Reproducible Issue

88 views
Skip to first unread message

Fan Zeng

unread,
Jun 4, 2022, 9:12:45 AM6/4/22
to OptaPlanner development
Hi

First allow me to share a success story. I am developing a timetabling solution for primary/secondary schools. There were 2 separate implementations, one in OptaPlanner and the other in Google's ortools. The OptaPlanner version is about 10 times faster with real world data. It is also more tolerant of user-defined constraints that contradict each other.

Thanks for making a great product!

I would seek your help with the reproducible issue. For the same problem data, the results are always between runs. The scores also change but less frequently. Here are the configurations for the solver.

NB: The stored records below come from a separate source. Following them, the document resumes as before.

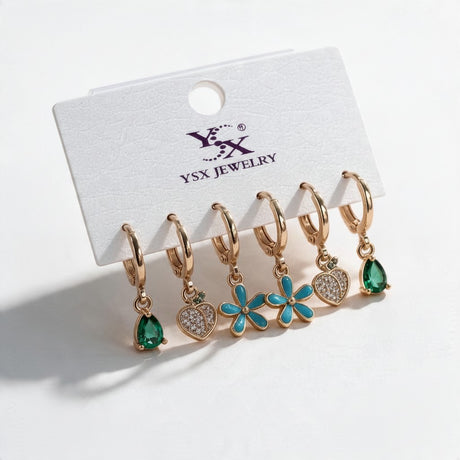 Three pairs of gold huggies with green teardrop, pave heart and turquoise daisy drops on a card
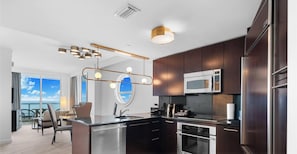 A modern kitchen with stainless steel appliances, dark wood cabinets, and a large window overlooking a scenic view. - Sorrento 1514 (Miami Beach)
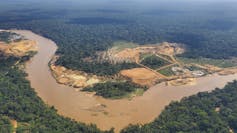 An aerial photo showing a very brown river and a large patch of green forest eaten away by a mine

Phases: default construction heuristic followed by step counting hill climb
moveThreadCount=AUTO
terminationConfig=bestScoreLimit of (hard, medium, soft) = (0, 0, 0) 
    or minuteSpentLimit of 15 minutes (never reached, all runs were under 10 minutes)
    or unimprovedStepCount=10000
stepCountingHillClimbingSize = 600
acceptedCountLimit=6
swapMoveSelector.cacheType = PHASE
a custom filter on SwapMove

Planning entities or planning values are stored in Java List.


Radovan Synek

unread,
Jun 6, 2022, 6:55:35 AM6/6/22
to optapla...@googlegroups.com
Hello,

it's interesting that even the score changes (although, as you wrote, less frequently) despite the fact that you configured bestScoreLimit termination. Was the score ever worse than "0hard/0medium/0soft"?

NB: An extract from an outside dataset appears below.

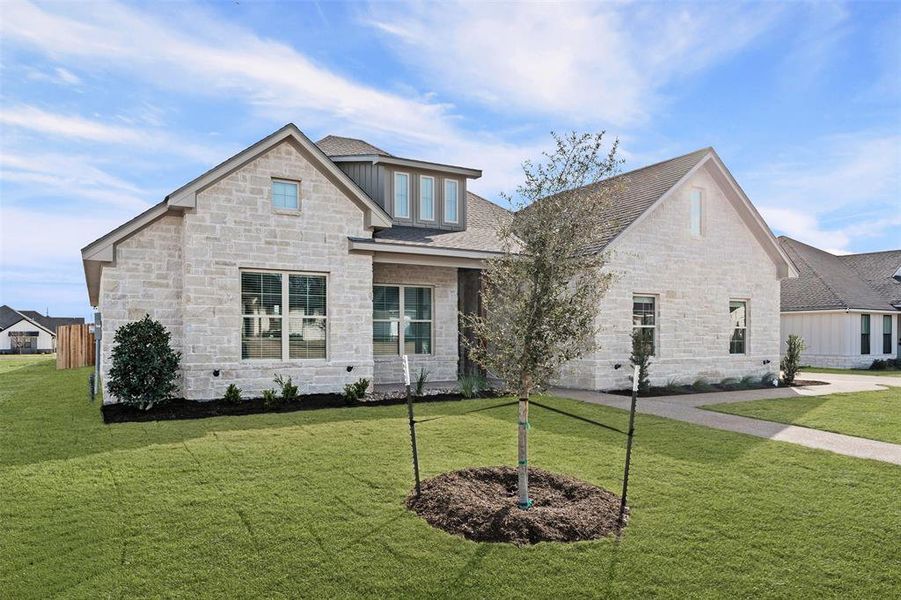 View of front of home featuring stone siding, a front yard, and roof with shingles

Do you use the reproducible environment mode [1] (the default one)? Ideally, could you share the solverConfig.xml?


Best regards,
Radek


--
You received this message because you are subscribed to the Google Groups "OptaPlanner development" group.
To unsubscribe from this group and stop receiving emails from it, send an email to optaplanner-d...@googlegroups.com.
To view this discussion on the web visit https://groups.google.com/d/msgid/optaplanner-dev/02a6be68-bc00-4fa1-be54-131bd2d41ec6n%40googlegroups.com.


--

Radovan Synek

Principal Software Engineer, Business Automation

Red Hat EMEA

Brno, Czech Republic

Fan Zeng

unread,
Jun 6, 2022, 9:19:55 PM6/6/22
to OptaPlanner development
Thank you Radovan.

The optimal (highest possible) score is  0hard/0medium/0soft. Constraints have penalties and no rewards. A negative score means there were unsatisfied constraints.

The reproducible environment mode is the default as confirmed in the log.

2022-06-06 20:53:32,270 INFO Solving started: time spent (336), best score (-3796init/0hard/0medium/0soft), environment mode (REPRODUCIBLE), move thread count (4), random (JDK with seed 0).
2022-06-06 20:53:35,241 INFO Construction Heuristic phase (0) ended: time spent (3307), best score (0hard/-6610medium/0soft), score calculation speed (29962/sec), step total (1898).
2022-06-06 20:56:38,671 INFO Local Search phase (1) ended: time spent (186737), best score (0hard/0medium/0soft), score calculation speed (21592/sec), step total (82562).
2022-06-06 20:56:38,672 INFO Solving ended: time spent (186737), best score (0hard/0medium/0soft), score calculation speed (21684/sec), phase total (2), environment mode (REPRODUCIBLE), move thread count (4).

I don't use the solverConfig.xml. Many configuration parameters are passed in from the caller. Most of them are listed in the original post. I will attach the Java class to this post. 

The results are consistently the same if moveThreadCount is set to 1. Unfortunately the solver takes 3 times as long. 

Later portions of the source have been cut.